Thursday, October 2, 2008

Investing in the Right Kind of Technology

If the wars in Afghanistan and Iraq have taught our military one lesson about defense transformation, it's that technology has limits. No amount of firepower, stealth, or precision munitions will achieve complex political objectives like building effective governance in shattered countries, or convincing insurgents to lay down their arms. Still, we need to be careful not to take this lesson too far. Technology can still be a powerful instrument in both war and peace--if it's the right kind of technology and is used wisely. The F-22 may symbolize a bygone era of warfare (depending on who you ask), but the Predator and Reaper--to name two examples--have emerged as crucial technologies in the dizzying world of counterinsurgency. In today's world, good Intelligence, Surveillance and Reconnaissance (ISR) programs are among the Air Force's most vital contributions to modern warfare.

The Air Force tends to view technology through a cyclical process of designing, procuring, and employing "major weapon systems" like aircraft and missiles. Maintaining a cutting-edge fleet of aircraft is essential to the Air Force's mission, but I worry that equally important (or, arguably, more important) technologies are being neglected because they don't fit into these categories or processes.

For example, acquiring aerial imagery of a battlefield is only part of the ISR mission. The Air Force also needs technologies and processes to filter, analyze, and distill a torrent of raw data; it needs to put essential information into the hands of warfighters on the ground or in the air; and it needs to design organizations that facilitate the rapid and organized flow of information. What will these technologies look like?

One example I've already mentioned, and which I will continue to mention, is Google Earth and other geospatial products. By geotagging information, and allowing users in the field to collaborate in one online environment, the military could potentially build a dynamic, real-time "virtual battlespace" that represents an entire theater. Air Force pilots planning low-level ingresses could see the Army's active firing ranges. Perhaps with a few clicks, they could talk directly with the range controllers. Army troops planning a patrol could see real-time Predator feeds. A fresh unit swapping into the theater could access overlays of Baghdad or Mosul, tagged with unit-produced maps, intelligence reports, and notes from their predecessors. A virtual collaborative battlespace could be an incredibly powerful tool for all its users.

But that's not all... the technology will soon be even more powerful. The military would be wise to keep an eye on Augmented Reality. Imagine that in five years the virtual battlespace mentioned above actually exists. Now imagine that every soldier and Marine has a pair of glasses wired with a heads-up display, GPS, and Internet connection.
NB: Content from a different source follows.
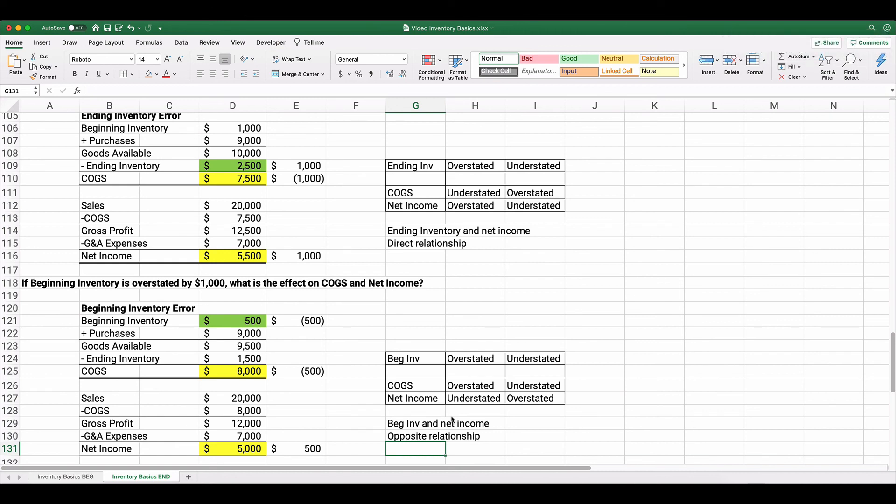That's our inventory basics — how to calculate cost of goods sold, how to calculate the income statement, what to do with missing information, and what happens with inventory errors. Inventory errors affect cost of goods sold and affect net income. Thanks for watching.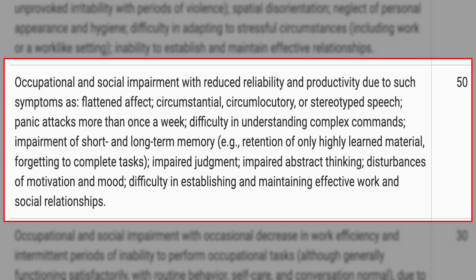Difficulty in establishing and maintaining effective work and social relationships is on the rating schedule. Humans are social beings — you want to have friends and be in the mix. I don't want any of that. I talk to you guys through a camera and I'm happy I'm not in a crowd, not looking for a bunch of friends. That's one example of social and occupational impairment.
When the soldier looks at something--a bustling market in the middle of Baghdad, for example--his HUD overlays geotagged information from the virtual battlespace, informing him that an IED detonated here three weeks ago, and that a suspected insurgent lives above the butcher shop across the street. Half a country away, a Special Forces tries to identify a convoy rumbling along the main road. It sees real-time tracking information from the Red Cross/Red Crescent, which identifies the convoy as an authorized humanitarian delivery. Hopefully we won't still have US soldiers battling IEDs in Iraq in five years, but you get the point.

These are the kinds of technology that will transform tomorrow's battlefield. They are unconventional, and they don't fit neatly into major-weapon system planning cycles. The good news is that, compared with an F-22 or a C-17, they're relatively inexpensive; the private sector is doing most of the innovation, and at a blistering pace. The bad news is that takes incredible vision and leadership to embrace such unconventional technologies. I hope our military leaders have the wisdom and foresight to rise to the challenge.


Example of Augmented Reality from How Stuff Works.

1 comments:

PickYourBattles said...

Great picture of augmented reality. It reminds me of Singer's "Wired for War" which I read recently. That book introduced me to Ray Kurzweil and the "Singularity" with his assertion that technology fields are complimenting research in other fields (like genetics) such that technological advance is exponential and not linear. He maintains this advance is going to move so fast that society won't be able to deal with it and it will constitute an actual evolution of humans (some will adapt and some won't). This evolution will include augmented reality like you've shown and also augmented thinking (embedded computer processing). Very very interesting stuff.

Blogging, the new media, and the military reaction may be a fish bowl example of this phenomenon. As you've shown in your other blog posts, the connected minds sharing information makes for the superior harvesting of knowledge. As you've also shown, it brings up some social/normative issues with the military. We see the military grappling with the new media (and doing a great job it seems to me) and it will be even more interesting to watch as the "Singularity" nears.